私は散らかった絵の具を片付けながら、置いてけぼりになった青い猫の絵を眺める。
「芸術といえば芸術……かな?」
実際には子供の落書きなのだが、斬新といえば斬新に見える。
「今度来た時に驚かせてやろう」
というわけで、男の子が残していった絵を額に入れて飾ってみる。
うん。
こうして、壁に飾ってみるとなかなか味があっていい絵に見えるから不思議だ。
というか、多分、額の力だろうけどね。
額パワー凄い。
「これで、今度来なかったら笑うけど」
苦笑しながらギャラリーの片付けをして、私はその日の営業を終わりにするのであった。
■□■
翌日の午前中は、
ルーシーさんとの交渉は上手くいったようだけど、あの土地はまだまだ不足してるものが多過ぎる。
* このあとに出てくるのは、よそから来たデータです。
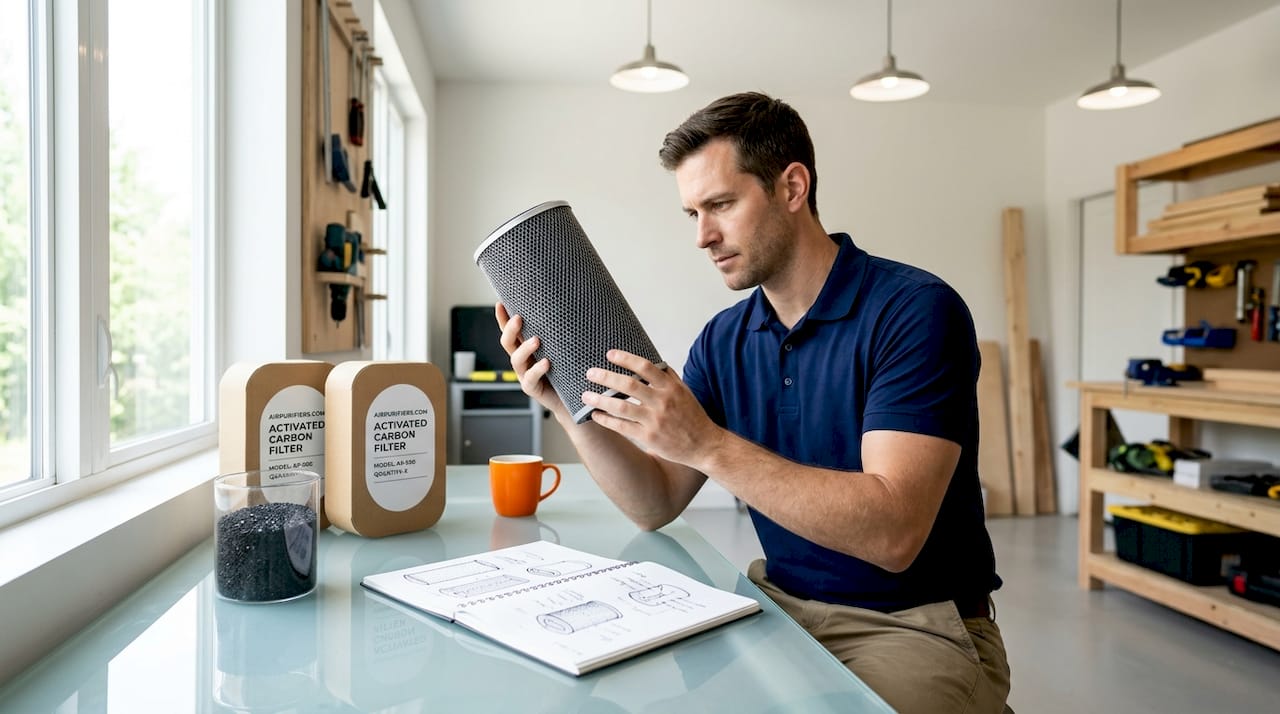 Technician inspecting activated carbon air filter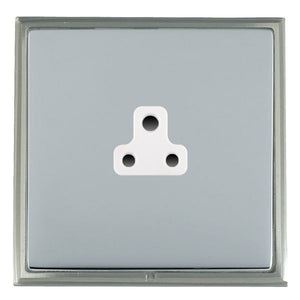 Hamilton LSXUS2SN-BSW Linea-Scala CFX Satin Nickel Frame/Bright Steel Front 1 gang 2A Unswitched Socket White Insert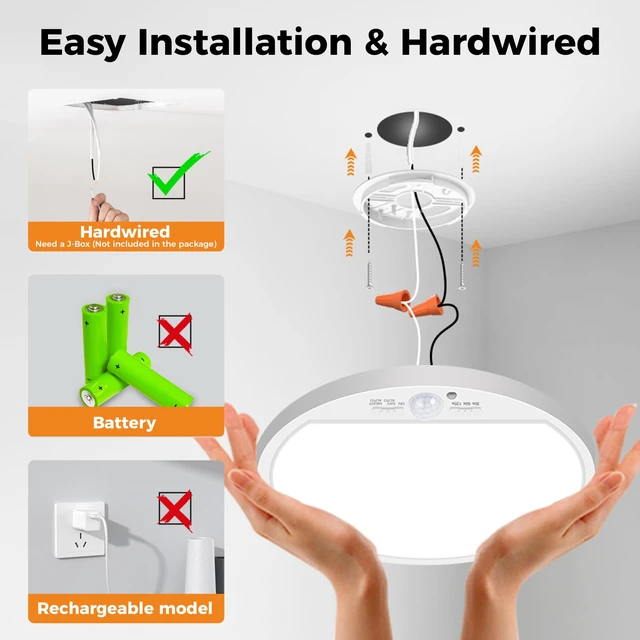 Alt view image 2 of 7 - 2Pack Motion Sensor Light Indoor Wired, 12 Inch 3000K/4000K/6500K Closet Lights Motion Sensored, 24W 2400LM Flush Mount Ceiling Light for Hallway Pantry Stairwell Porch, White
今日は各家庭で使うようなお皿や調理器具の買い出しに向かうつもりだ。
と、ドアノブにCLOSEの札を掛けたところで、背後に気配を感じて振り返る。
「本日はギャラリーはお休みですか?」
お客さん……?
その割には風体がなんか怪しい。
フードを深く被り、体をすっぽり覆うローブで体型を隠しているのは、どう見ても不審者だ。
声は女の人だけど……。
とにかく見た目は怪しい。
「午前中は用事で出かけるので、午後からでしたら開けられると思いますよ」
「そうですか、わかりました。ありがとうございます」
見た目は怪しいけど礼儀正しい人らしく、ペコリと頭を下げて去っていく。
それにしても、ここの店を誰にも宣伝してないのにピンポイントでやってくるなんて……。
「お客さんの格好といい、なかなか謎だね」
とりあえず、わからないことをいつまでも考えていても仕方ないので、店に鍵を掛けて買い物に出かけることにしよう。